- Founder: Dan Cantor Joel Rogers
- Founded: 1992
- Dissolved: 1998
- Preceded by: Citizens Party
- Succeeded by: Working Families Party
- Headquarters: 88 Third Ave., Suite 313 Brooklyn, NY 11217
- Ideology: Progressivism
- Political position: Left-wing

= New Party (United States) =

The New Party was a third political party in the United States that tried to reintroduce the practice of electoral fusion. In electoral fusion, the same candidate receives nomination from more than one political party and occupies more than one ballot line. Fusion was once common in the United States but is now commonly practiced only in New York State, although it is allowed by law in seven other states. The party was active from 1992 to 1998. (There had been an earlier, unrelated New Party in 1968 that ran Eugene McCarthy for president.)

==Founding==
The New Party was founded in the early 1990s by Dan Cantor, a former staffer for Jesse Jackson's 1988 presidential campaign, and by political science, sociology and law professor Joel Rogers as an effort to break with the largely unsuccessful history of progressive third parties in the United States. Their strategy was to run candidates only where they had a reasonable chance of winning, and to nominate on their ballot line (or where this was not legally possible, to endorse) the candidate they favored more from another party.

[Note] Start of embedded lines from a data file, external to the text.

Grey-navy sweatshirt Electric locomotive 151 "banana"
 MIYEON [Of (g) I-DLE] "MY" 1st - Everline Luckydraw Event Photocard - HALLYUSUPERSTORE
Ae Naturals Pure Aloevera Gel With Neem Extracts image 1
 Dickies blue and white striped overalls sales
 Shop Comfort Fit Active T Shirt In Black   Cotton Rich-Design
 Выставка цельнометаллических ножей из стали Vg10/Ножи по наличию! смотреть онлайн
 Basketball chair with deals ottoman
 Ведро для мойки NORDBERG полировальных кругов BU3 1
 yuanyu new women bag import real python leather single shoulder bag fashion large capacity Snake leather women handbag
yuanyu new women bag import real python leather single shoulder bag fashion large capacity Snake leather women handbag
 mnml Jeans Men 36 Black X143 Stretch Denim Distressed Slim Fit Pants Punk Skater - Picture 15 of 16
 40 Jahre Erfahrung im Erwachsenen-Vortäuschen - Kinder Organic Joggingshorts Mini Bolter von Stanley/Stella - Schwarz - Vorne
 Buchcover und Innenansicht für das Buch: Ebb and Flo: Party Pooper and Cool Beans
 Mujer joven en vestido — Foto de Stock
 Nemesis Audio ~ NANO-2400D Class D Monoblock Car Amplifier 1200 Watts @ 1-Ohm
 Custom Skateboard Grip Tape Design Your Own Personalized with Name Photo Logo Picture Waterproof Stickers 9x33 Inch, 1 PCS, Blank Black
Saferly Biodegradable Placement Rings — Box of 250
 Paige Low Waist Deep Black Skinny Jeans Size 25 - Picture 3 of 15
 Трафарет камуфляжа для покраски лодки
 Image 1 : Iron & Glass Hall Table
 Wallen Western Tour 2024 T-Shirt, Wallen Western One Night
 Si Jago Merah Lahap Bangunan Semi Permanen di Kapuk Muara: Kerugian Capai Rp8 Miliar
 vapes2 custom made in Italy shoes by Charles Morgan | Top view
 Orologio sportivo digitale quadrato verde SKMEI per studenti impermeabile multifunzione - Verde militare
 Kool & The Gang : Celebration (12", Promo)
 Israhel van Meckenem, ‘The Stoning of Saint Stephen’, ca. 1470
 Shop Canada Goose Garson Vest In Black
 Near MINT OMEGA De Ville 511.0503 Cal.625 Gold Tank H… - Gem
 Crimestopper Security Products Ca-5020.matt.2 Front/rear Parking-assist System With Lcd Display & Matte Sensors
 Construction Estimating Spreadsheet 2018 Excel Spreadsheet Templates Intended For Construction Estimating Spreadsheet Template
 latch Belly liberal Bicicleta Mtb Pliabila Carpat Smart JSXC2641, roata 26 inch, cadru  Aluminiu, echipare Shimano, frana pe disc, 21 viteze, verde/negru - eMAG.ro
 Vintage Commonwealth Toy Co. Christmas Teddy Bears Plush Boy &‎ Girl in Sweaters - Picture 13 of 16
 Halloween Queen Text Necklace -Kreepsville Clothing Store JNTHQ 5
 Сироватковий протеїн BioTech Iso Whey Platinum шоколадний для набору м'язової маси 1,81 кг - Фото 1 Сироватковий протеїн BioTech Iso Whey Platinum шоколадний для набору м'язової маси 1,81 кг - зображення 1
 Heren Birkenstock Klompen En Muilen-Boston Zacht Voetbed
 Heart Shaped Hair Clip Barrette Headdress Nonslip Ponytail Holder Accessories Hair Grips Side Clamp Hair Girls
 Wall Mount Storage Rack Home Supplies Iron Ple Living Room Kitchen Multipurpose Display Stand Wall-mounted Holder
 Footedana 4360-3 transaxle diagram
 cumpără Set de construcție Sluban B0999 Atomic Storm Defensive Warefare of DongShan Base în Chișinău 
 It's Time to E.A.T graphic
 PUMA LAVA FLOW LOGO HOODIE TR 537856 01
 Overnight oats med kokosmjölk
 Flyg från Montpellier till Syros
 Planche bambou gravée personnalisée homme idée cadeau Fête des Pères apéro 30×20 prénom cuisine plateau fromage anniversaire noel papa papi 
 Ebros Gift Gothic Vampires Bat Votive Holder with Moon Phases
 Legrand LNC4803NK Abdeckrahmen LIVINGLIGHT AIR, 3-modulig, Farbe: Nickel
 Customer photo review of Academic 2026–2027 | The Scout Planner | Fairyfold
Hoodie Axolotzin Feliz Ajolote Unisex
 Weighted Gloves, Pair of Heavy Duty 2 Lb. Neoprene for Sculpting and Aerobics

After a false start in New York, the New Party built modestly successful chapters in several states. Some of these chapters (such as those in Chicago and Little Rock, Arkansas) had their main bases of support in the low-income community organizing group ACORN, along with some support from various labor unions. Other chapters (such as those in Minneapolis; Missoula, Montana; Montgomery County, Maryland; and Dane County, Wisconsin) received institutional support from a variety of other labor unions and community organizations. These chapters built local political organizations that ran or endorsed candidates, primarily in local non-partisan races but with occasional forays into Democratic Party primaries or (more rarely) traditional third party-style independent candidacies as well. Some New Party chapters introduced the idea of signed candidate contracts (saying the candidate agreed with the party's principles and would meet with party members after election) before endorsement, to encourage accountability after election—this was criticized by some of the party's detractors. Party chapters were also active between elections, pressuring elected officials to pass legislation on issues such as living wages and affordable housing.

==Influence==
In Madison, Wisconsin and some other cities, the New Party partnered with Green Party candidates.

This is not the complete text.